Below are three more concrete steps for mindfully taking charge of your health and, in turn, learning how to differentiate between physical ailments and anxiety symptoms:
1. Keep a health journal.
Record the date, time, your symptoms, what occurred just prior to your symptoms appearing, and the result (i.e., if symptoms went away on their own, the strategies you used, whether you sought medical attention, etc.). Bring this journal with you to your doctor’s appointments or to the emergency room.
2. Create a comprehensive health care team.

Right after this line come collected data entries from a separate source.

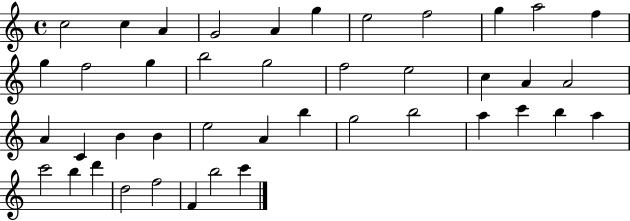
{
  \clef treble
  \time 4/4
  \defaultTimeSignature
  \key c \major
  c''2 c''4 a'4 | g'2 a'4 g''4 | e''2 f''2 | g''4 a''2 f''4 | \break g''4 f''2 g''4 | b''2 g''2 | f''2 e''2 | c''4 a'4 a'2 | \break a'4 c'4 b'4 b'4 | e''2 a'4 b''4 | g''2 b''2 | a''4 c'''4 b''4 a''4 | \break c'''2 b''4 d'''4 | d''2 f''2 | f'4 b''2 c'''4 | \bar "|."
} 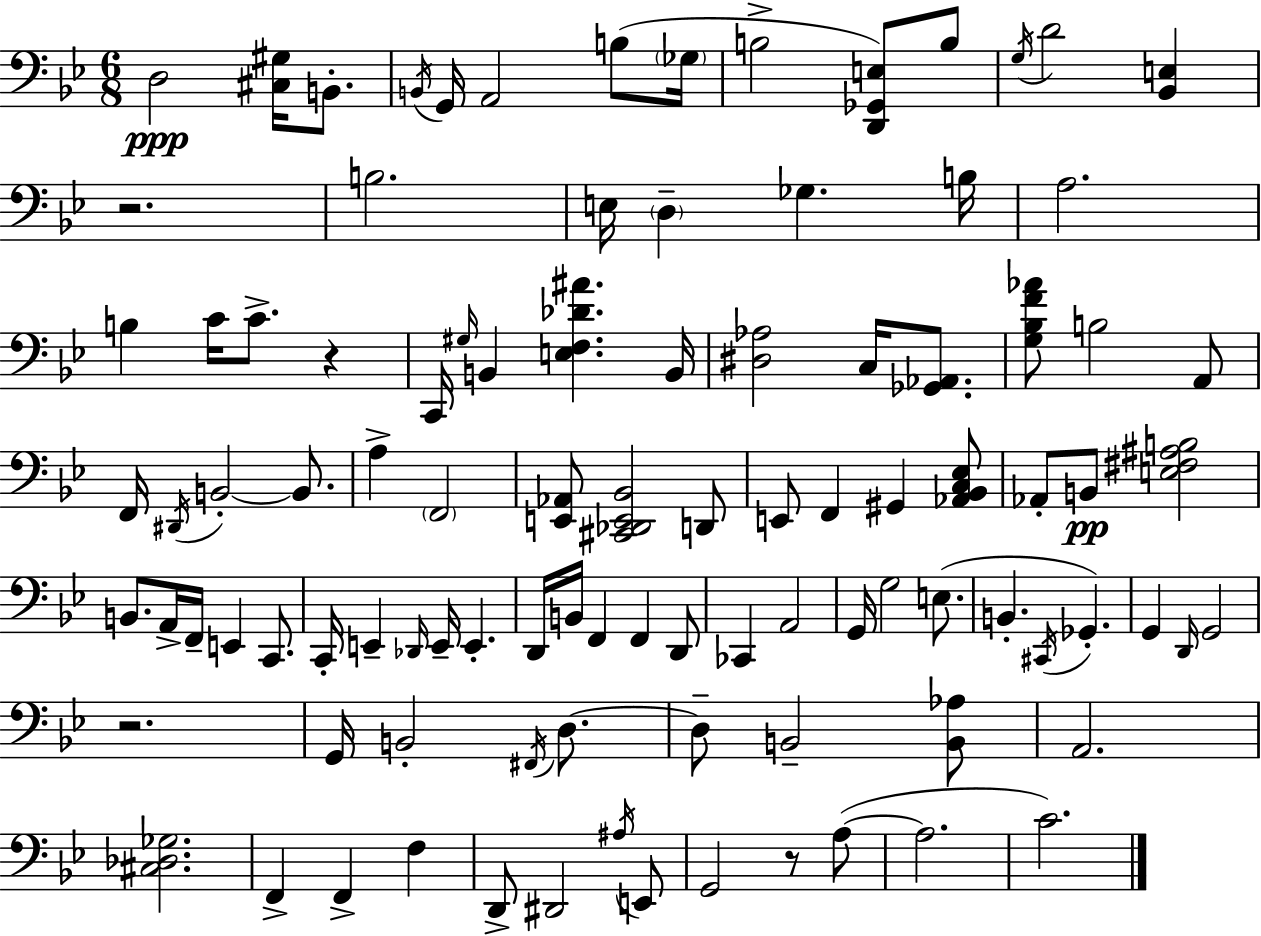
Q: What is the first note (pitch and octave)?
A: D3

The best way to support your health and to begin working more preventively is to have a complete wellness care team you trust. This would include a general physician, any specialists you might need for specific health concerns and diagnoses, and could also include a dietitian, mental health counselor (particularly one who specializes in anxiety), and for women, a gynecologist. Having this team in place before you are in a medical crisis can help ease the added stress of not knowing where to turn in times of panic or concern.
3. Get regular checkups.
"You will want to complete an annual (or more often if needed) physical or check in with your health care team," says Albers. "This will allow you to have more control and peace of mind with your health and will enable you to become your own best health advocate." Knowledge is power.
And remember: It's OK to go to the doctor as often as you need.
"If there is ever a question as to whether you are experiencing an anxiety attack or a medical emergency, the recommendation is to seek medical attention," Albers tells me. "You are not being crazy for doing so; you are taking charge of your health."
At the end of the day, you’re your own best advocate. Trust your gut.